Harriet raised an eyebrow, and she leaned towards Jordan conspiratorially, "I didn't either at first. But it sunk in later. When I didn't get laughs at a table read but one of the guys did for the same joke. When I brought something I
wrote to Wes and he shot it down. People don't like funny girls." And she stopped again as though this made it all crystal clear.
"People don't like funny girls?"
"No, my appeal lays in my cute ass and Matt's jokes coming out of my mouth."
"Oh Harriet, I hope you know that's not true." Jordan’s hand landed softly on the other woman’s arm and rested there for a moment.
"It's not to the people who matter. Part of the reason Danny is my rock is because he gets me. He knows that I can take something that Matt is trying to make funny, say it out loud, and it is funny. Girls are funny. People just don't want us to be. They'd rather credit Matt's writing genius or Danny's production or Cal's direction. It's not about my talent. It's what they give me to do. Danny sees through it. It's why he's so good. It's why he can amplify Matt's writing. It's why they make a great pair. Danny recognizes raw talent and morphs it into beauty. He is an artist who doesn't want to be one."
"That makes no sense."
"I know." She smiled as she sipped her wine again and winked at the bartender.
"So, you know why you're weird."
"Jordan? You're drunk."
"You're drunk too."
"I know. The story doesn't make sense when I tell it sober. Trust me, I've tried. Simon and Tom think I'm a loon. But I am Natasha to their Boris so it's okay."
"You don't really think people don't like funny girls, do you?"
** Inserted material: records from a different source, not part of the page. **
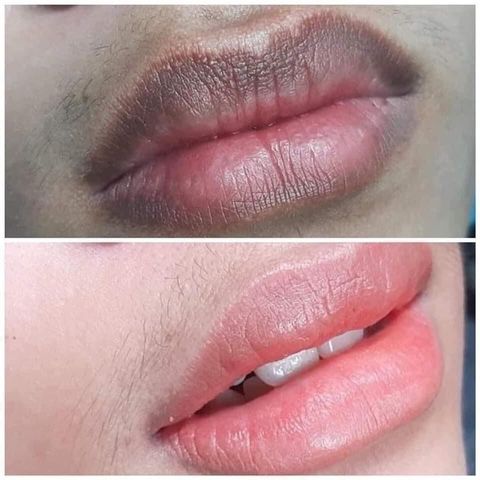 Combo Dưỡng Môi Collagen Thiên Di - Cấy Hồng Môi Giảm Thâm, Tự Nhiên Không Cần Phun Xăm, Mềm Mịn  - Làm Đẹp Da Môi
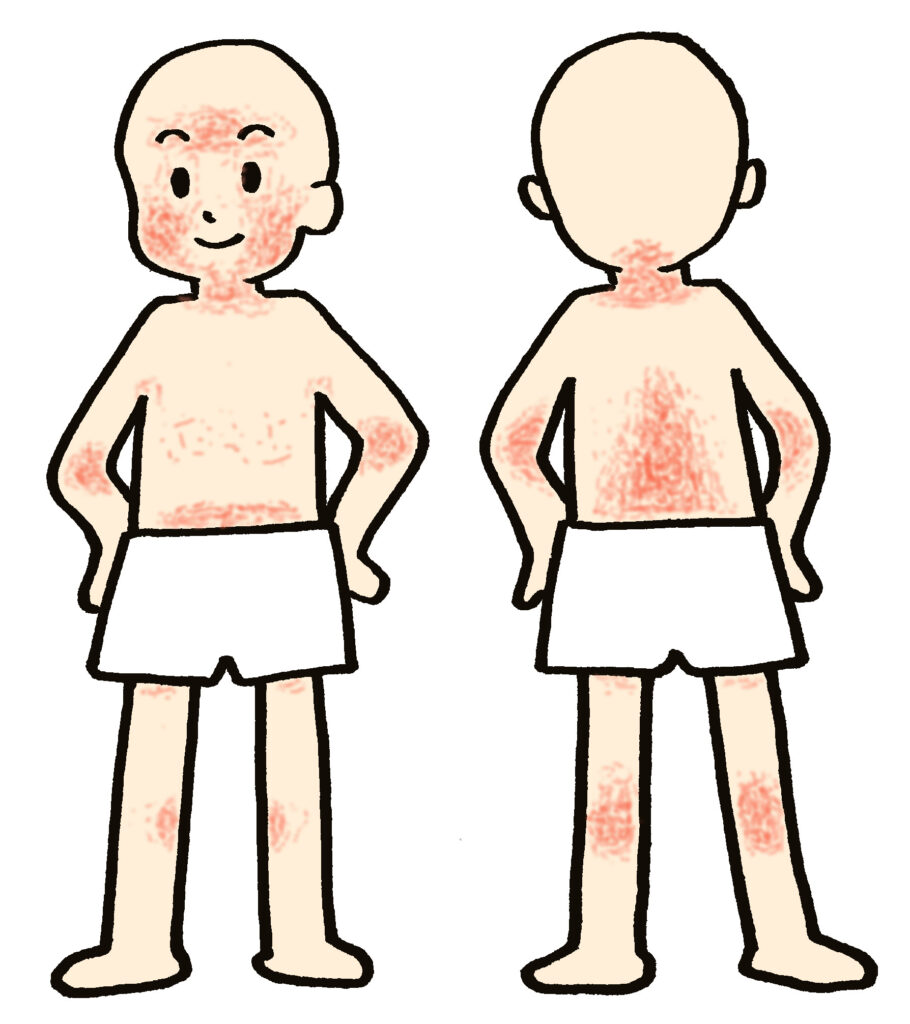 アトピー性皮膚炎　思春期・成人期の好発部位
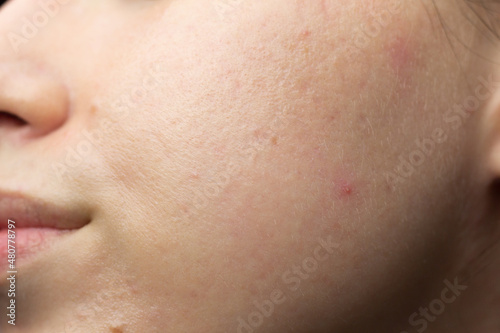 Obraz na płótnie Closeup of acne-prone skin with scarring and post-inflammatory erythema after isotretinoin treatment. w salonie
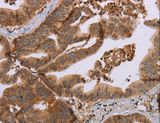 MFAP5 / MAGP2 Antibody - Immunohistochemistry of paraffin-embedded Human gastric cancer using MFAP5 Polyclonal Antibody at dilution of 1:40.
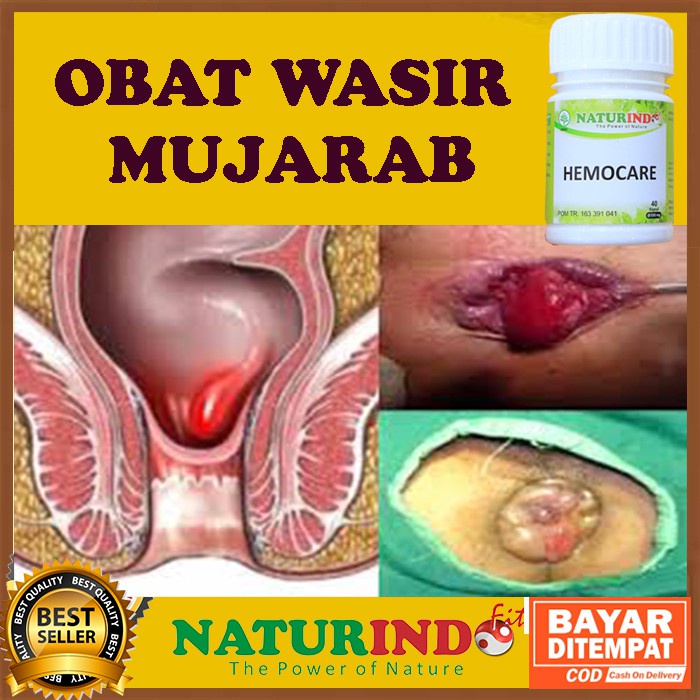 Ori Obat Wasir Ambeien stadium 1 sampai 4 paling ampuh Herbal ambeyen Ambeien Hemoroid Hemocare Natu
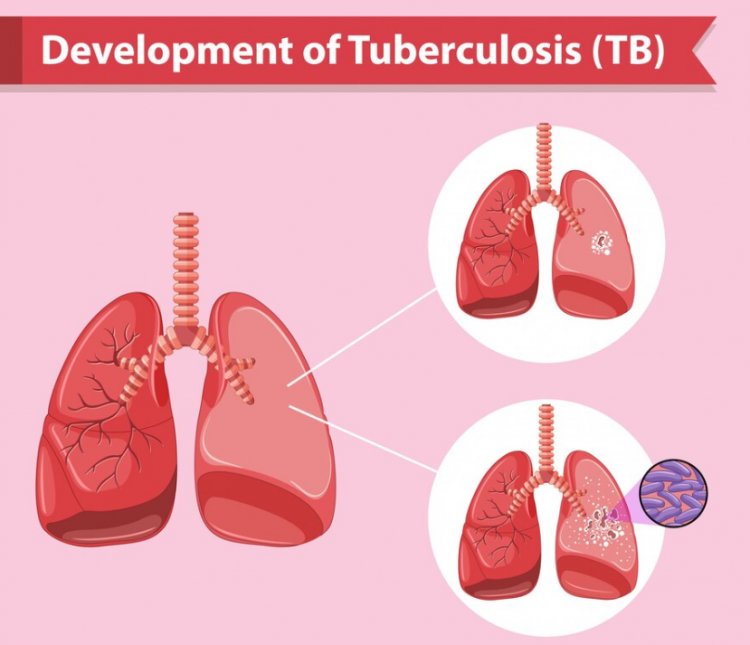 From Past to Present: Tuberculosis in the Modern Era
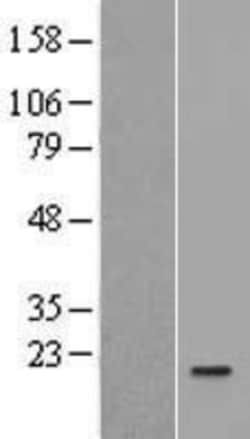 Novus Biologicals&trade;&nbsp;IL-36Ra/IL-1F5 Overexpression Lysate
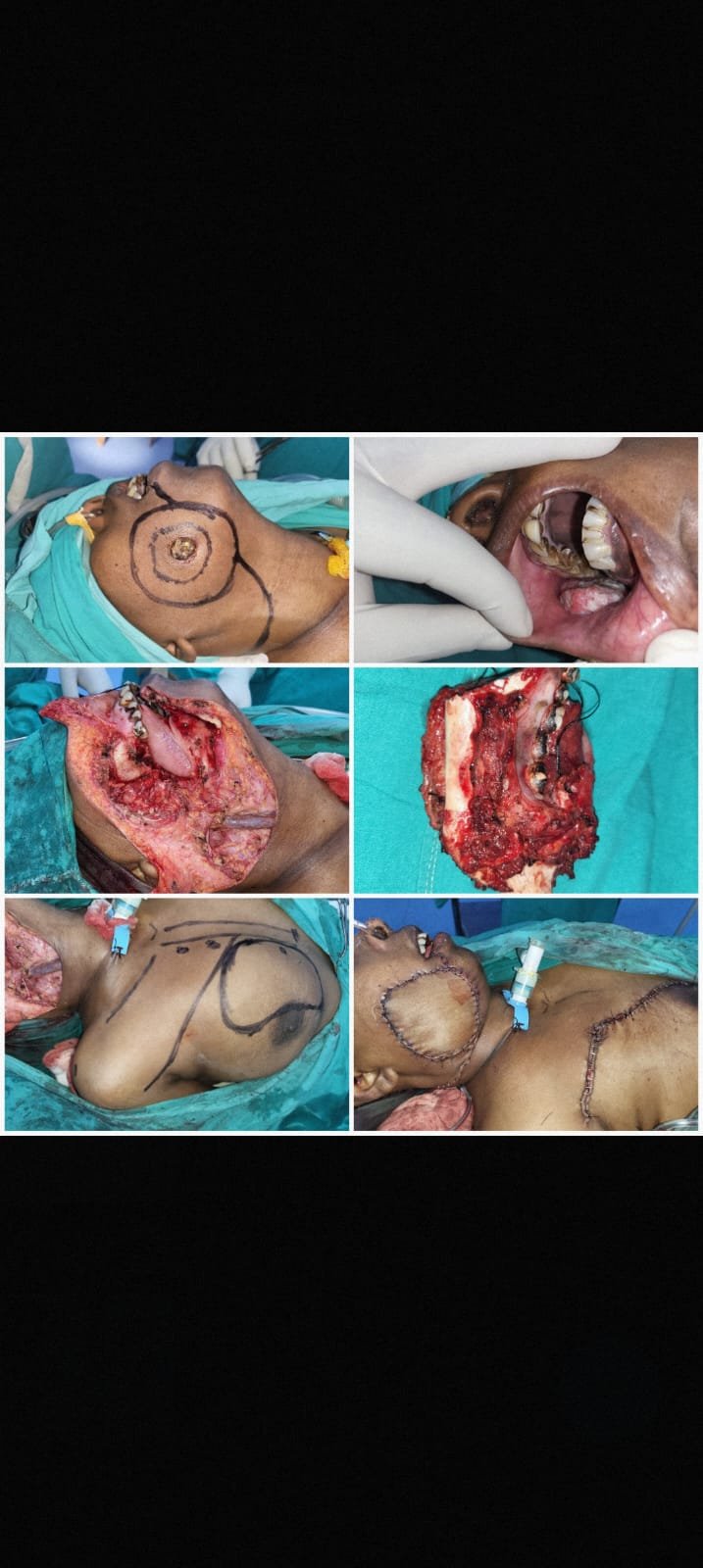 oral cancer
Harriet's eyes welled briefly with tears and Jordan thought that maybe, maybe she'd gone too far. "Harriet?"
Softly, Harriet quipped, "You know, my mother thought I was a funny girl? And her opinion was the only one I ever cared about until I met Danny and Matt. So, you see, I know that in reality it's not true, but in Hollywood it is. People don't want their girls to be funny. Sexy, yes. Smart, sure. Funny, no. Someday, it'll be different. Someday, I'll go to a comedy club and bring in a girl for an audition and Danny will see it. Because Danny's not Hollywood. Danny's something else."
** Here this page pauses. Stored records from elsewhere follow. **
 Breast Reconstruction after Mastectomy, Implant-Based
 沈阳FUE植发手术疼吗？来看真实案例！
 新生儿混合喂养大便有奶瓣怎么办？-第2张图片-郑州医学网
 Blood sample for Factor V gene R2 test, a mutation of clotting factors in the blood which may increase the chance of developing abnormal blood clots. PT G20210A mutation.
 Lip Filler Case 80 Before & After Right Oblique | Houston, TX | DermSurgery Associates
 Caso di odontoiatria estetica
"Jeez, Harry, if I didn't know better from the gossip magazines I'd think you had a crush on Danny."
"Nah. Danny and I see eye to eye on too many things for there to be anything deeper between us. He connects with women he has to figure out and who have to figure him out. I told you, he's my rock. Matt's my hard place, and I'm happy caught between them because, no matter how far apart we get, Danny will always bounce me back to Matt when it's time."
"How do you know?"
"I don't,” Harriet paused and looked at Jordan with surprising lucidity. “But I have faith that we will always come back to each other. It's part of the incongruity in my character – humor and faith – people don't understand it. I know in my heart that behind the jokes and the mania, Matt is the man I will always come back to in my heart and my head and my soul. Because Matt brings out the funny in me, accepting and embracing every aspect of who I am, never even acknowledging to himself that people don't like funny girls."